**To do**
Pull out of the data below the stretch of lines bounded by the one containing "tarziu este tulburator" and the one containing "536 W Deerview Court, Green Valley, AZ 85614", both bounds included, unchanged.

**Data excerpts**
= Beginning of Section =
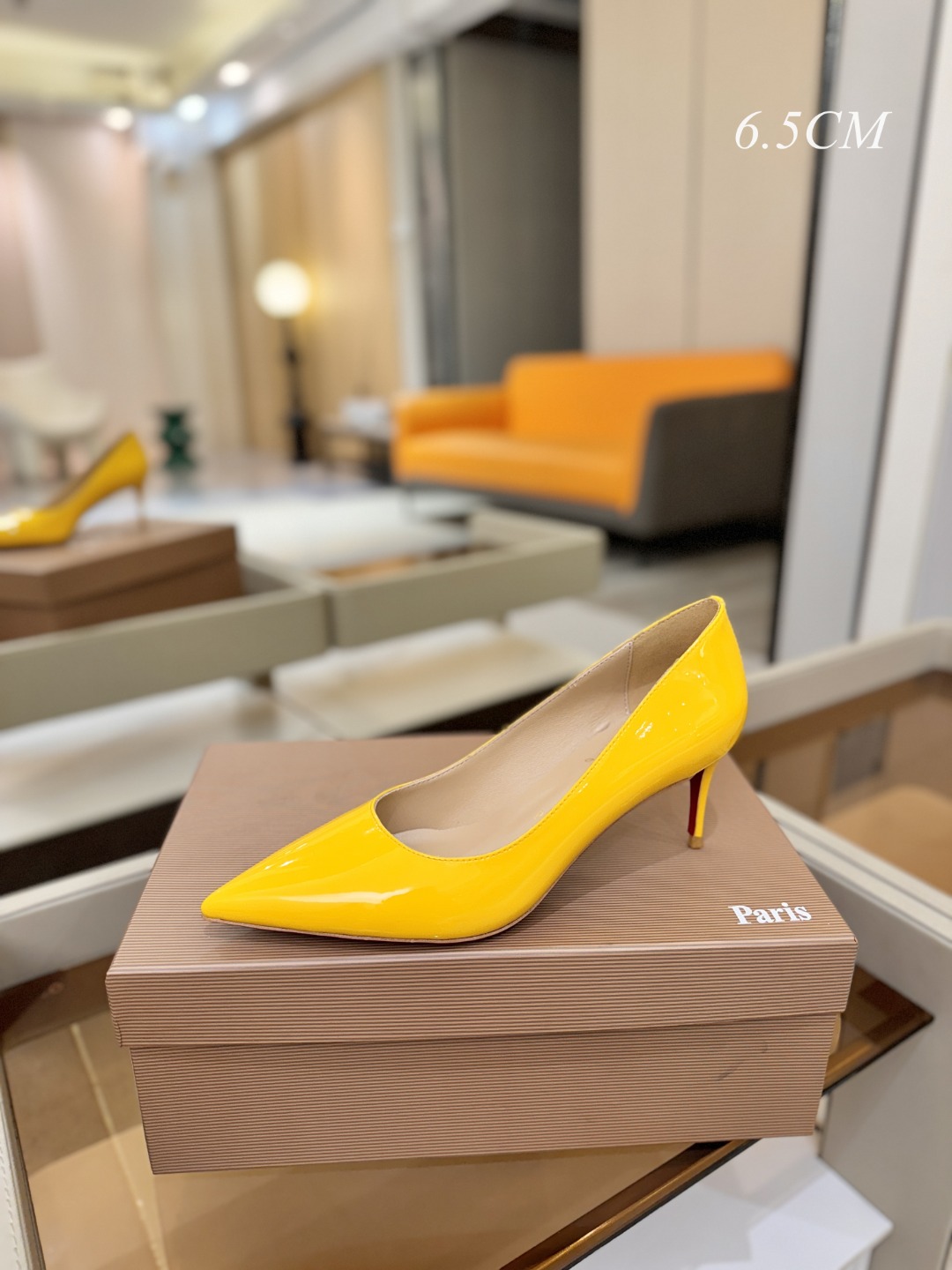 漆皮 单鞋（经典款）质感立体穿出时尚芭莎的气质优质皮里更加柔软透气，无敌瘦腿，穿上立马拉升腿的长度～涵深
= End of Section =
= Beginning of Section =
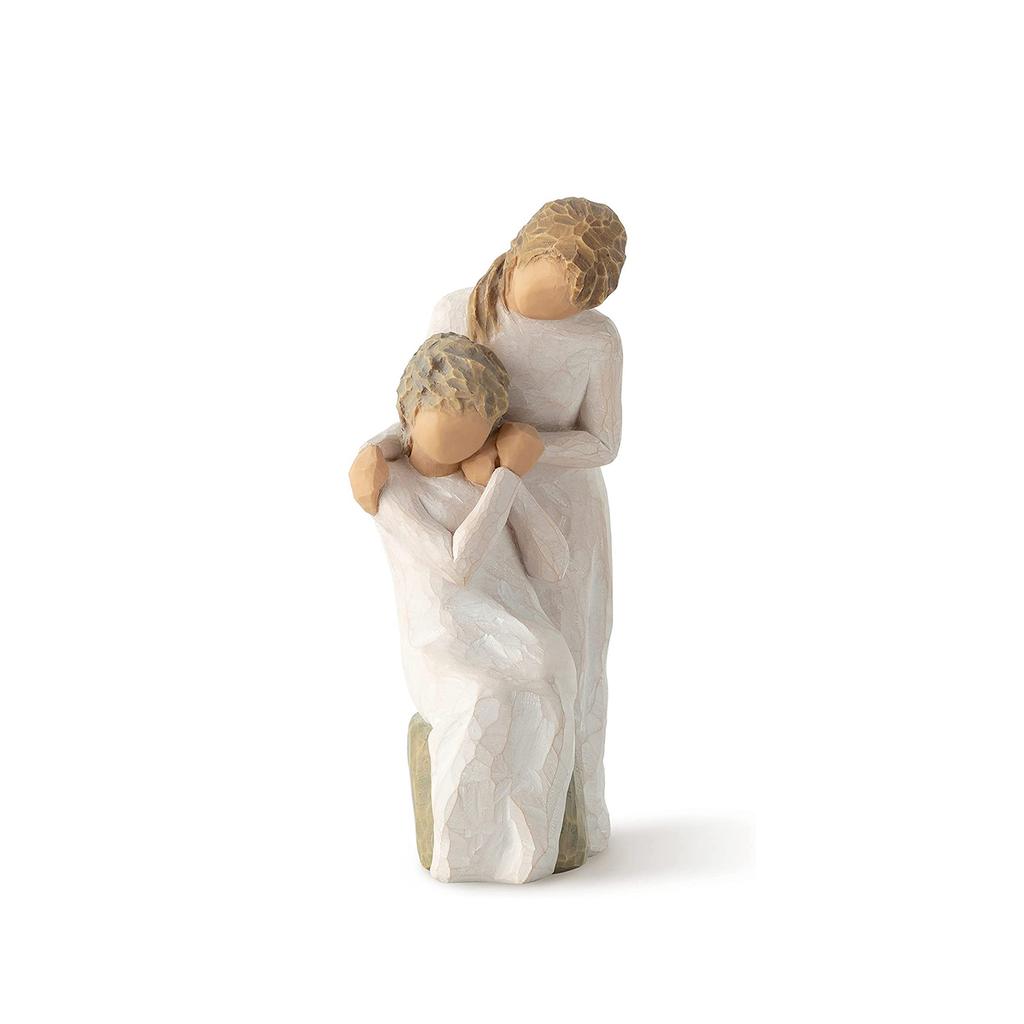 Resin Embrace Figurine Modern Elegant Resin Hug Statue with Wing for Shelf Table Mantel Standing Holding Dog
= End of Section =
= Beginning of Section =
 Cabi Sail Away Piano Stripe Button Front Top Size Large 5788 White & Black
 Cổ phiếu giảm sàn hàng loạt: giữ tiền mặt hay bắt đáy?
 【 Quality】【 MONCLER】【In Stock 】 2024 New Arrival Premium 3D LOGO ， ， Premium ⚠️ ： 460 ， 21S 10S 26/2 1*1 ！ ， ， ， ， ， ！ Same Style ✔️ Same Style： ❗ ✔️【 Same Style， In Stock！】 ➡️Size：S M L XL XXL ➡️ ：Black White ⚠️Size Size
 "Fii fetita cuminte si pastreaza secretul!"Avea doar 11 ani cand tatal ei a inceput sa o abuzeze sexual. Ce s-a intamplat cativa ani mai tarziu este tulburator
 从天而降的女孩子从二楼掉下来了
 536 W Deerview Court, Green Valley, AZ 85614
= End of Section =
**Answer to the problem**
 "Fii fetita cuminte si pastreaza secretul!"Avea doar 11 ani cand tatal ei a inceput sa o abuzeze sexual. Ce s-a intamplat cativa ani mai tarziu este tulburator
 从天而降的女孩子从二楼掉下来了
 536 W Deerview Court, Green Valley, AZ 85614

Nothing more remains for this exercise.